Eleven-year-old Tyler Paquette’s family is facing a dilemma. Tyler’s father was seriously injured when the tractor he was riding overturned, pinning him underneath; in fact, if Tyler had not been there to call 911, he might not have survived. As it is, he is unable to perform any work on the Vermont dairy farm that has been in the family for generations, and he might never fully recover. It appears that Tyler’s dream of growing up to take over the farm one day might never be realized: his older brother is beginning college and his teenage sister has absolutely no interest in farm work, and he cannot manage all the chores alone. Without enough hands to run the farm, it might have to be sold.
Enter the Cruzes, a Mexican family of migrant farm workers: three adult brothers, one of whom is married with three daughters. To the Paquettes, they are angels; to many others, they are illegal immigrants (except for the two younger girls, who were born in North Carolina). As the family takes up residence in a trailer on the property, Tyler has mixed feelings: he is grateful for the help, but confused about many things. When he finds out that Mari, the oldest sister, is his age, why must he keep her background a secret at school? Is it right to hire people who entered the country illegally, and can his family get into trouble for doing so? What do loyalty and patriotism really mean?
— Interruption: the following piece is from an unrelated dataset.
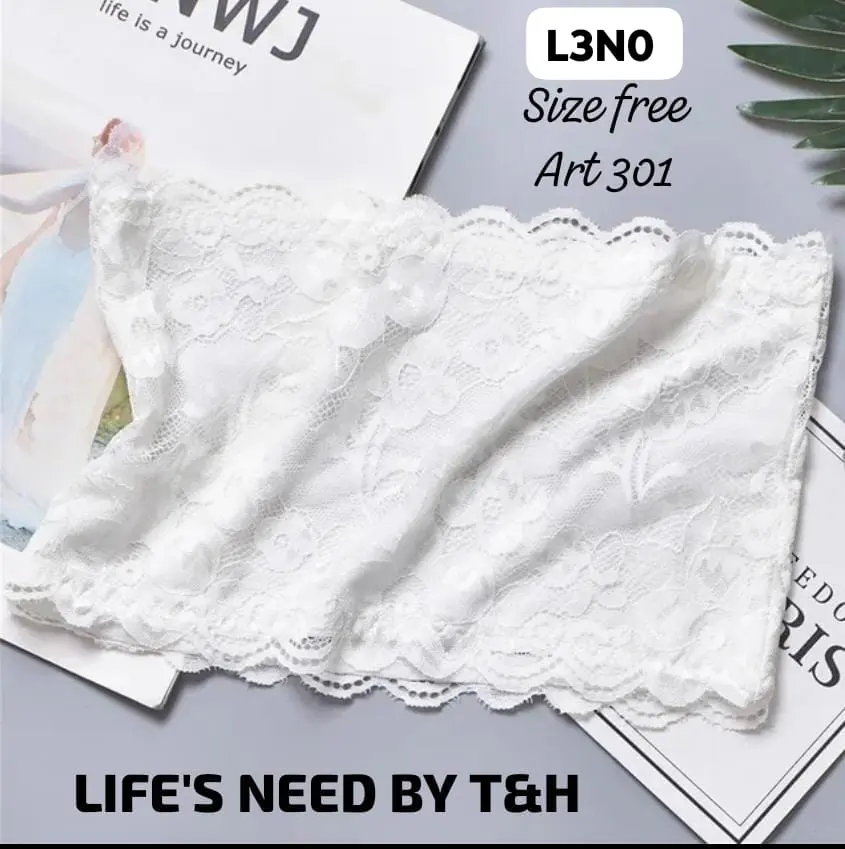 Lacy Tube Bra Stretchable Free Size - Image 4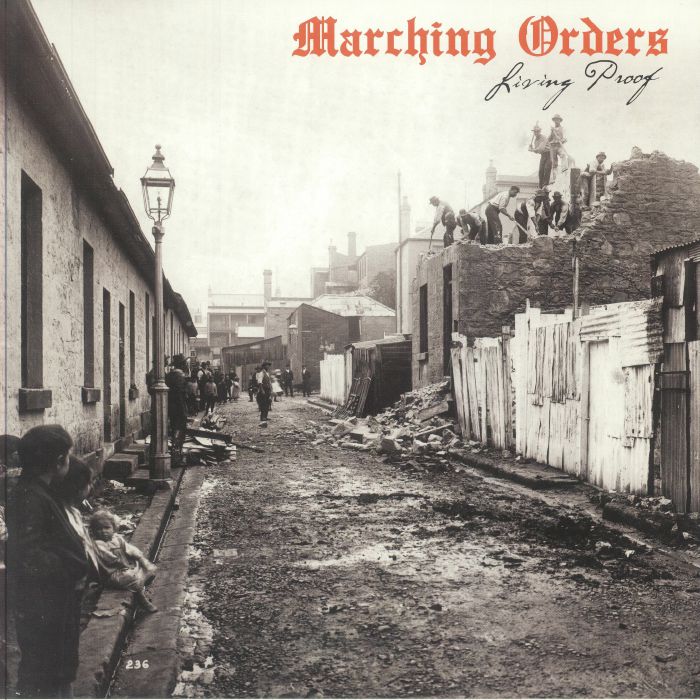 Living Proof - Limited Edition Orange Vinyl LP vinyl record cover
As Tyler gets to know Mari and her family, and finds out she shares his interest in astronomy, he learns that not everything is drawn in black and white.
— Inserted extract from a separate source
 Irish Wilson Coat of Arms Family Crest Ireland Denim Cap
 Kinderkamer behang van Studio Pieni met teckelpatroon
As for Mari, she is facing her own challenges. When the Cruzes were living in North Carolina, her mother suddenly returned to Mexico because her own mother, Mari’s Abuelita, was dying. When Mama attempted to return to the United States months ago, she disappeared. Mari has written long letters to her mother in the hopes that if she reaches North Carolina, she will know where her family is—but her father, fearful of being discovered by La Migra (Homeland Security), convinces her not to send them. Through Mari’s letters and entries in her diary, we learn of her desire to be strong for her father and little sisters (and act in her mother’s stead), her fears that any day they might be caught and deported and that the little girls are too American to fit into life in Mexico, and her growing attachment to the farm and the extended Paquette family.
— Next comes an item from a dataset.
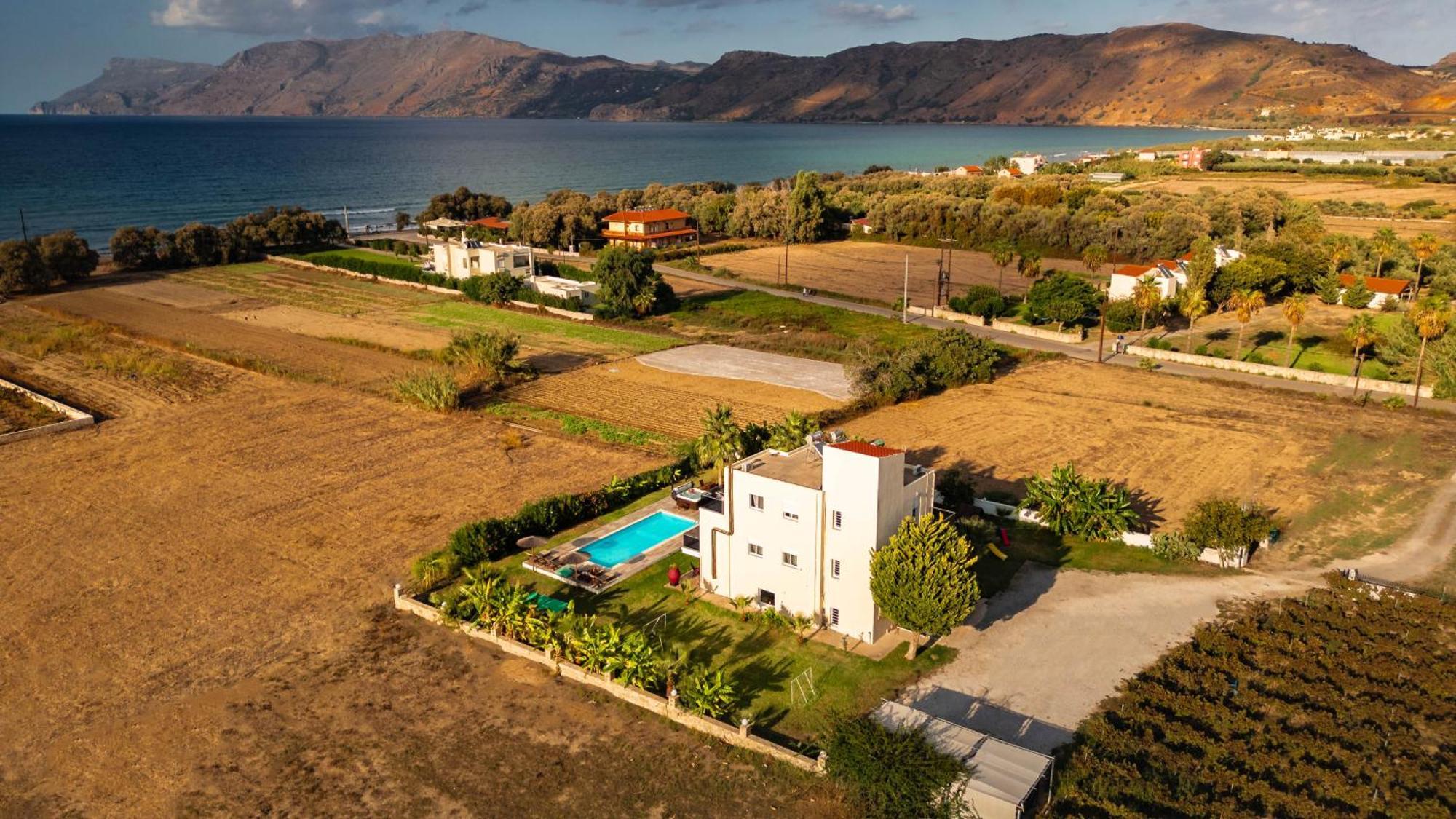 Martimi Apartments - 200M From Drapanias Beach - Pool - Hot Tub - Sauna - Bbq Kíssamos Buitenkant foto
This thought-provoking novel will attract anyone who enjoys stories that deal with serious issues and strong family relationships. The use of Spanish words feels natural, and some Americanisms are cause for humor. It is sure to be useful as a discussion-starter on the themes of patriotism, undocumented aliens, loyalty, and the meaning of family. 336 pages. Ages 11-14
Recommended by Barbara Karp, Librarian.
Return to Sender by Julia Alvarez is the story of 6th-grader Tyler, whose parents hire an illegal immigrant family to work on their farm when his father is injured, and Mari, the daughter of one of the workers. The young people share an interest in astronomy, and both grow, change, and discover themselves as the events of the story unfold. A gem.